10 October 2018
Press release

Profit and loss account of credit institutions as at 30 June 2018

Press release 18/34

The CSSF estimates profit before provisions of the Luxembourg banking sector at EUR 2,936 million for the first half year of 2018. Compared to the same period in 2017, profit before provisions thus decreased by 3.0%.

Two main causes, which had already been observed in the first quarter of 2018, continued to negatively impact the profit before provision of credit institutions during this year’s first six months: (i) the ongoing increase of general expenses (+6.3%) and (ii) the significant reduction (-26.3%) of other net income. These adverse effects were partially mitigated by the positive result recorded on the main banking activities such as banking intermediation and asset management.

The net interest income registered an increase of 10.0% year-on-year. This trend was shared by half of the banks of the financial centre. The prolonged application of negative interest rates on deposits collected from institutional customers, the rise of the balance sheets or an improved average return on assets are some factors which, depending on the banks, explain the favourable development of the net interest income compared to the previous year.

The increase in net fee and commission income (+7.0%) was observed in half of the banks. The rise in this net fee and commission income, which is largely attributable to the activities related to asset management on behalf of private and institutional customers, is directly linked to the positive trend of the investment fund industry, supported by the upward trend in financial markets.

The other net income has substantially declined (-26.3%) as compared to the same period last year. Due to its composition, this item exhibits high volatility and its development is often linked only to non-recurring and specific factors affecting a limited number of banks of the financial sector.

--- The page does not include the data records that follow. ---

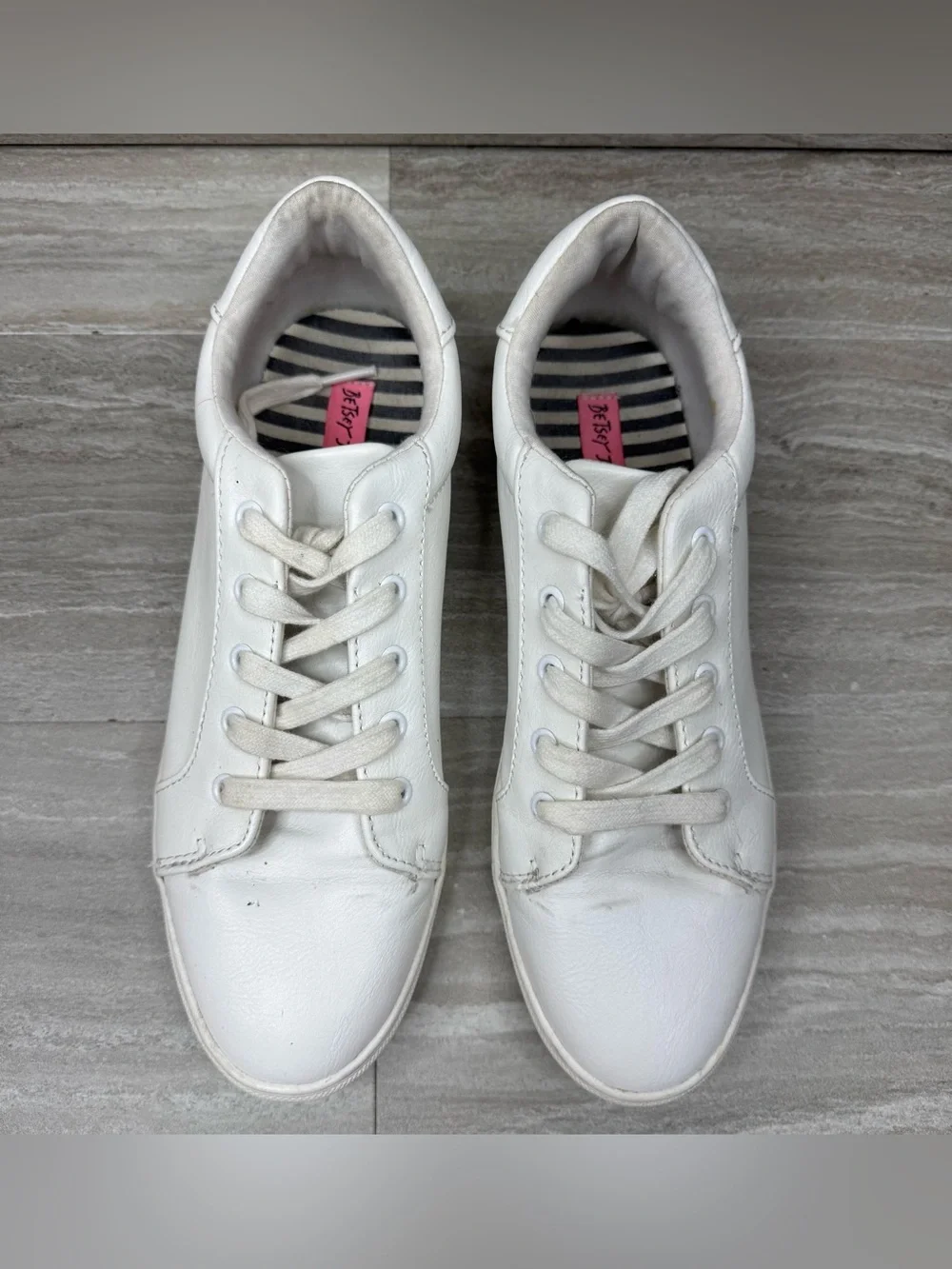 Betsey Johnson Boom White Leather Sneakers Womens Size 9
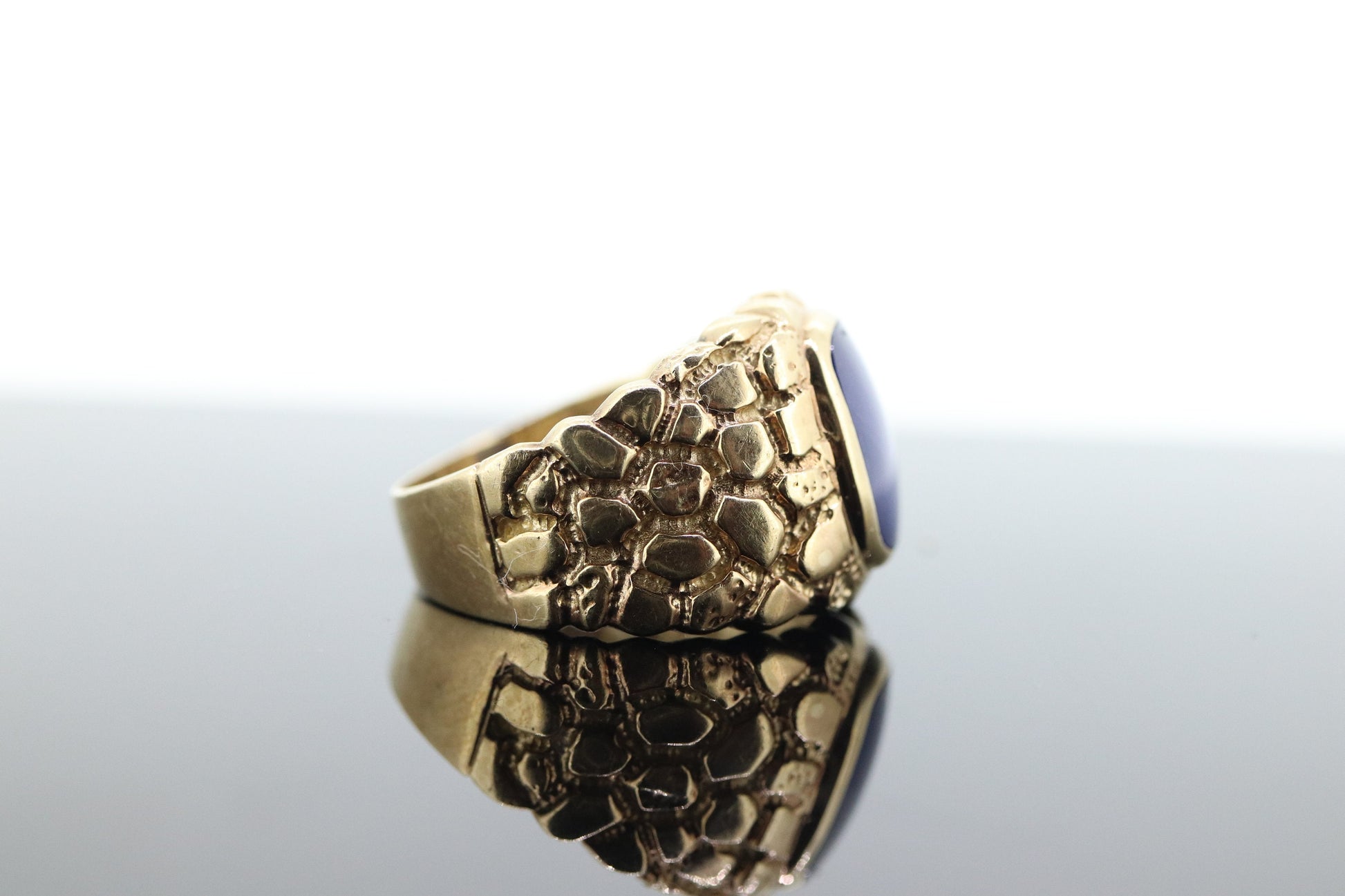 10k Star Sapphire ring. 10k Yellow Gold Nugget Mens Star Sapphire Cabochon signet ring. st(153)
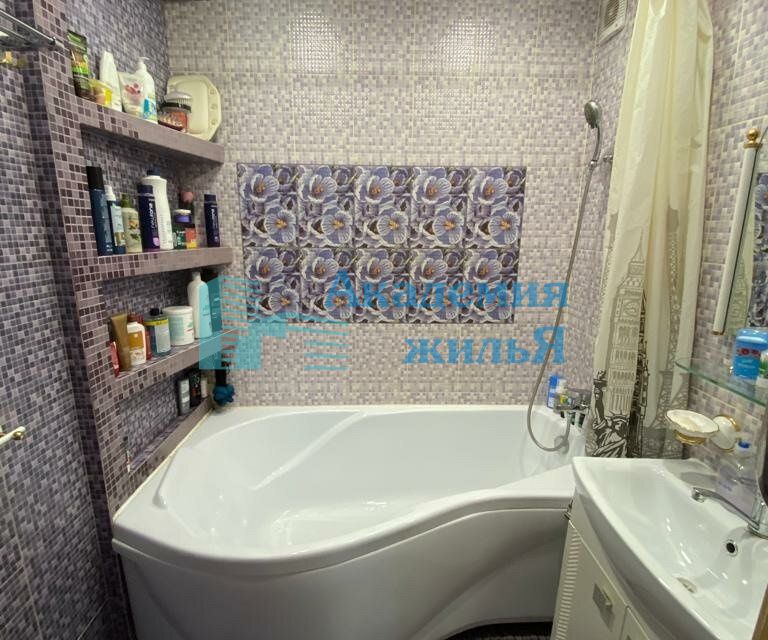 Продаётся 2-комнатная квартира, 52 м²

General expenses continued to grow (+6.3%) during the first half of the year. This rise is linked to other general expenses (+8.9%) as well as to staff costs (+3.6%). In aggregate terms, general expenses grew faster than banking income thus further reducing the profitability of banks as expressed by the cost-to-income ratio which has risen from 50% to 53% year-on-year.

As a result of the above-mentioned developments, profit before provisions decreased by 3.0% year-on-year.

Profit and loss account as at 30 June 2018

1 Including dividends received.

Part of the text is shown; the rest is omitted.